Después de esto me propuse a no salir oyera lo que oyera, me encerré con llave, me recosté en el catre y apagué la radio, para escuchar cualquier cosa por si las de hules; serían como las dos y media de la mañana, cuando me quedé medio dormido, cuando de repente: alguien me arrebato la cobija violentamente y entre dormido y despierto, pensé que solo estaba soñando o que sola se me cayó, por lo que se levantó y ante aquel silencio sepulcral escucho perfectamente en la galera muchos pasos y mormullos de personas como si alguien anduviera allí dentro.
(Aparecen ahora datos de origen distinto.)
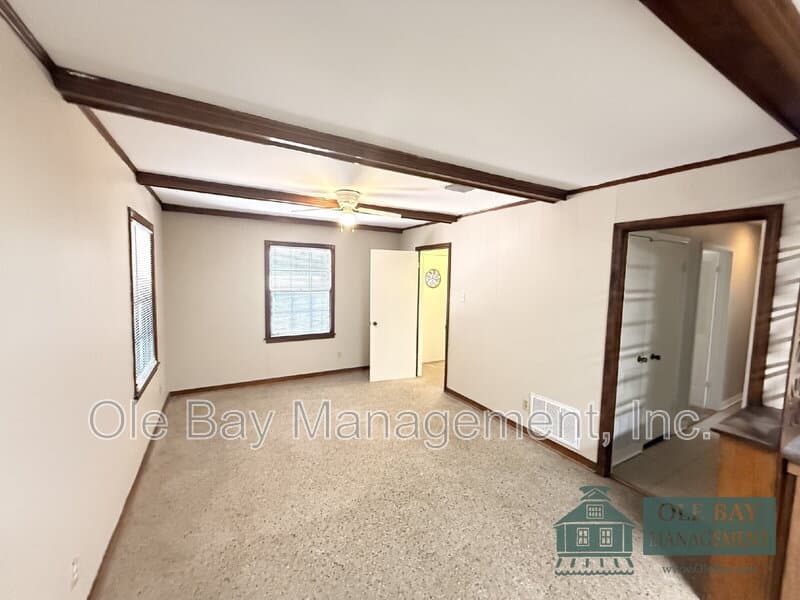 Mobile House: 320 Syracuse Street
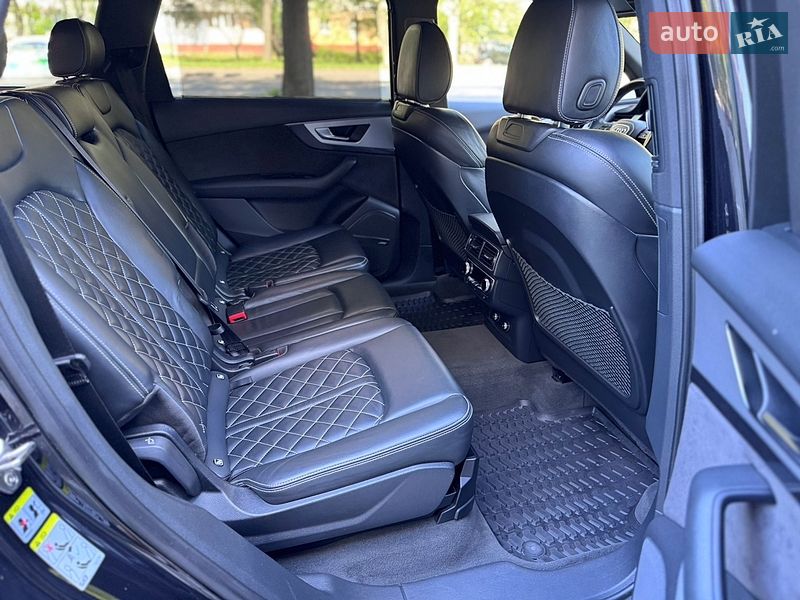 Позашляховик / Кросовер Audi Q7 2017 в Рівному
Motivo por el cual puse mucha atención para ver si eran ladrones o qué, pero no reconociendo este tipo de extraños ruidos, decidí no salir y prendí la radio para no escuchar aquellos ruidos que me atemorizaban, me recosté de nuevo en el catre y tapado de cabo a rabo con mi cobija decidí ahora sí quedarme bien dormido para no escuchar ni ver nada ya estando a medios chiles, escuché que junto a mi oreja alguien respiraba fuertemente y de nuevo sentí el jalón de cobija con más fuerza que la vez anterior, rápidamente me paré asustadísimo y decidí ya no dormirme, prendí la luz del salón y al radio le subí bastante al volumen para no escuchar todos aquellos espectrales sonidos, y así estuve el resto de las horas hasta que amaneció, lo cual rápidamente salí de la escuela y ya no ingresé, los demás días de ese verano tuve que hacer trampa y no me quedaba a cuidar la escuela, solo me quedaba de diez a una de la mañana en la calle, y al siguiente día de cinco y media de la mañana a las siete, para que vieran que si trabajaba.
Vecinos del barrio del Isrel y Charco de Cristo, manifiestan que cuando pasaban a deshoras de la noche frente a la escuela del Rastro, seguido observaban que seres espectrales los observaban desde las ventanas o de los jardines laterales. Así como de algunos hacerles una que otra travesura.
Don Enrique después se enteró por que lo habían asustado tanto cuando trabajo de velador en la escuela. “Mire hay anduve preguntando porque asustan tanto en la escuela del Rastro, pues resulta que allí era el antiguo panteón el cual se terminó de construir el 30 de mayo de 1841, ¿se imagina cuanto gentillal está allí sepultado? Fíjese que este dejo de funcionar hasta 1908, que se construyó el que está allá a un lado del Camino Real Nacional rumbo a la Cantería, y que después por los 50s el Diputado Miguel Moreno lo hizo rastro, pos por eso andan bien enojados los difuntos, que bueno que después lo hicieron escuela, Si no pobres difuntos”.